Deployment and Maintenance / High Availability Deployment

DataFlux Func supports multi-instance deployment to meet high availability requirements.

This document mainly introduces how to directly install and deploy a high-availability DataFlux Func on servers.

For installing DataFlux Func using Helm in k8s, please refer to Deployment and Maintenance / Installation and Deployment / Helm Deployment
For information on scaling the DataFlux Func system, please refer to Deployment and Maintenance / Architecture, Scaling, and Resource Limiting
For the detailed process of function execution, please refer to Script Development / Function Execution Process

When selecting a high availability solution for Redis, do not use 'Redis Cluster'. You can use 'Redis Master-Slave'.

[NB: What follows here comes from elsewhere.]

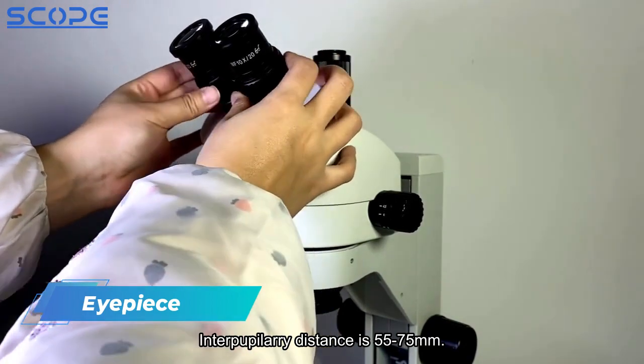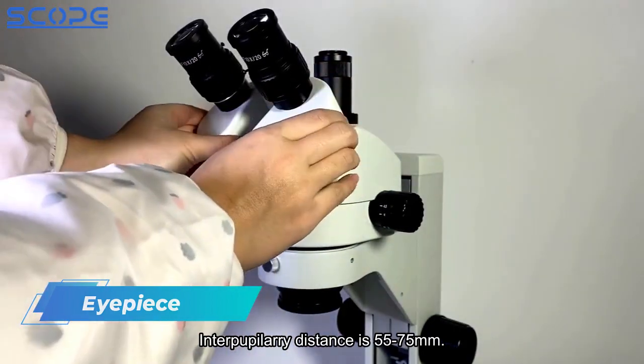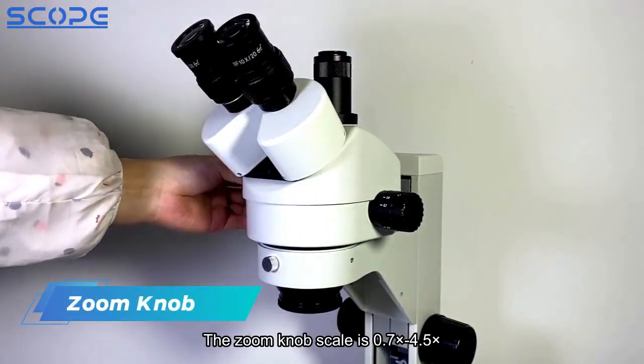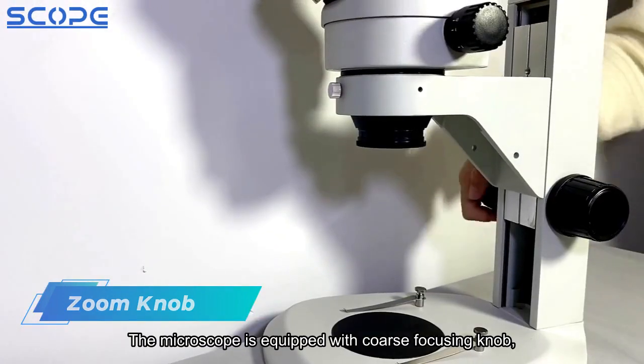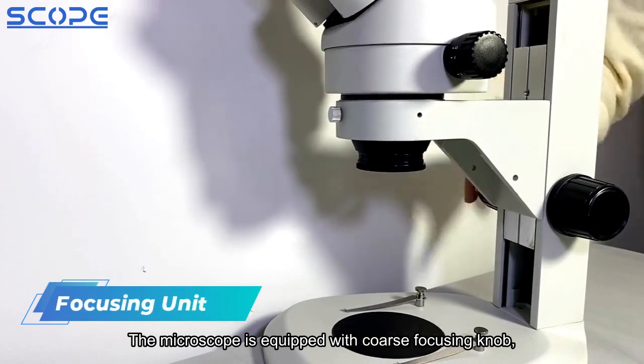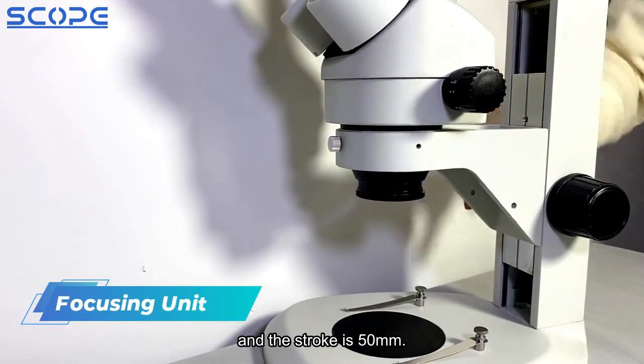Interpupillary distance is 55-75mm. The zoom knob scale is 0.7x to 4.5x. The microscope is equipped with a coarse focusing knob, and the stroke is 50mm.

If you have previously installed DataFlux Func in a single-machine mode and are switching to a high-availability deployment, please refer to Deployment and Maintenance / Backup and Migration / Database Migration for migration.

1. Multi-Replica Deployment

Both the Server and Worker services of DataFlux Func support multi-replica deployment to achieve high availability, scaling, and other requirements.

Generally, the bottleneck in function execution efficiency lies with the Worker service (i.e., Python code). Therefore, the Server service only needs to avoid a single point of failure, while the Worker service requires increasing the number of replicas based on actual business volume.

In a multi-replica deployment, it is necessary to ensure that the user-config.yaml file content is identical across all services, that they all connect to the same MySQL and Redis setup, and that the resource directory is mounted to the same storage.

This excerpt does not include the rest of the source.